Zone di gratuità

29 ottobre 2012 - Tonio Dell'Olio

Non è soltanto un modo per far fronte alla crisi, ma un'iniziativa interessante che inaugura uno stile nuovo di relazioni tra le persone e con le cose. Non più soldi, ma gratuità. Infatti non si chiamano mercatini, ma "zone di gratuità". Se li sono inventati in Francia. Nessuno baratto, nessun obbligo di reciprocità, né carità, la zona di gratuità è un modo utile per ridurre il volume dei rifiuti e per riciclare oggetti. Ma anche un modo per recuperare spazio pubblico aperto a tutti, in strada, per creare convivialità con i vicini. Un affronto per la società dei consumi. È uno spazio sottratto alle relazioni di mercato, che mette in discussione le idee di regalo, di denaro, di beni. «I valori dell’acquistare/gettare sono sostituiti dalla gioia del dare/raccogliere», spiegano i promotori.

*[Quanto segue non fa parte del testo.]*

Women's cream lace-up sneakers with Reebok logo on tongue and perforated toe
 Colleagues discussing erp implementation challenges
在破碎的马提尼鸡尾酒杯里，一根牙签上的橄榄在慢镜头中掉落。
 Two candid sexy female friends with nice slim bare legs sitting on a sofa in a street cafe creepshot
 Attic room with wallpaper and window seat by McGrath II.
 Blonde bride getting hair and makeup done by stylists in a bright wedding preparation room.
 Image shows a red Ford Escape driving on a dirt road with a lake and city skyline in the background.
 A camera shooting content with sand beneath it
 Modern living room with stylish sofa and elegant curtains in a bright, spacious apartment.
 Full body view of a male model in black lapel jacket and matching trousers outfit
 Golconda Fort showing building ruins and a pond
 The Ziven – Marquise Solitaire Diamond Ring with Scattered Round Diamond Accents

Insomma uno spazio di strada in cui ciascuno può recarsi a portare le cose di cui vuole liberarsi gratuitamente e prendere (non comprare) altri oggetti di cui ha bisogno. Non un fatto isolato perché nel frattempo si registrano zone di gratuità a Courçon (Poitou-Charentes), nel Royans (Rhône-Alpes) e nel Morbihan, a Brest, Rennes e Grenoble.(fonte: comune-info.net)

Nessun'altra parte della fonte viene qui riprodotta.